Showroom (Fernando Molnar, Argentina): El encargado de coordinar las ceremonias de un salón de fiestas de Buenos Aires, un hombre de mediana edad, es despedido. Desempleado, tiene que trasladarse con la familia a un rancho prestado en Tigre. Tiene la suerte de que casi de inmediato un pariente le ofrezca el puesto de vendedor en el showroom de un edificio residencial en construcción en la capital. El trabajo le requiere quedarse allí plantado unas 12 horas diarias, que sumadas al tiempo de traslado, virtualmente lo enajenan del cotidiano con su familia. Mientras su mujer y su hija, tras el shock inicial, van descubriendo en Tigre un nuevo estándar de vida, mucho más comunitario, precariamente conectado a celular e internet, silencioso y en contacto con la naturaleza, el protagonista vive su cotidiano vendiendo valores (cámaras de seguridad, prolijidad de construcción, gimnasio, spa, muebles y electrodomésticos) que empieza a vislumbrar como cada vez menos satisfactorios, pero de los que termina atrapado. La película tiene un aire de comedia italiana, de ésas basadas en un humor amargo y reflexivo, volcado con gestos casi naturalistas, en que la eventual gracia nace de una observación irónica que capta lo ridículo de lo cotidiano. La película sólo peca un poco, en el tramo final, del intento demasiado evidente de recargar en un patetismo medio forzado.

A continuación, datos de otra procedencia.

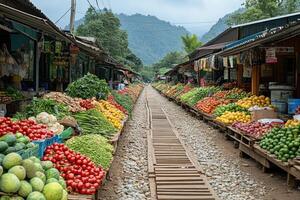 Maeklong railway market stalls offering fresh produce along the railway tracks photo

Force majeure: la traición del instinto (Ruben Östlund, Suecia): Posiblemente la película más elogiada en lo que va del Festival, la sueca Force majeure narra una descomposición -e intentos de recomposición- familiar durante su estadía en un centro de esquí en el centro de las montañas. Luego de un alud en el que el padre de familia huye despavorido, dejando en el camino a su mujer e hijos, su autoridad y vínculo amoroso queda puesto en un lugar enclenque, que parece ir dinamitando no sólo la relación de pareja, sino los mismos marcos de identificación del protagonista masculino. Una película sobre el desmoronamiento de los marcos simbólicos de la masculinidad, retratada a pinceladas cáusticas y agridulces del más minucioso humor escandinavo.

Retrato de un comportamiento animal (Florencia Colucci y Gonzalo Lugo, Uruguay): Una especie de comedia romántica con ambientación de road movie ubicada sobre todo en los alrededores de Florianópolis. Los propios directores son los actores principales, y sobre un guion más o menos establecido inventaron o improvisaron las escenas, con un espíritu lúdico, a veces anárquico, que hace recordar algunos de los divertimentos del joven Godard. Sin esquivar unos cuantos momentos de ternura, la película es juguetona: el montaje fragmentado, una cámara que se atreve por unos primeros planos cercanísimos al punto de distorsionar la imagen, o por unos planos elípticos que muestran sólo fragmentos de la acción, chistes excelentes que alternan con chistes pavos o primarios, y no demasiada preocupación con la consistencia psicológica. El nivel de actuación y de diálogos se luce frente al estándar uruguayo. Y la película ejemplifica cómo se puede estar totalmente fuera del cliché del “cine uruguayo” (contemplativo, lacónico, patético) sin por eso caer en un intento torpe de normalidad y sin dejar de ser uruguayísima. Una de las películas más frescas del cine uruguayo reciente.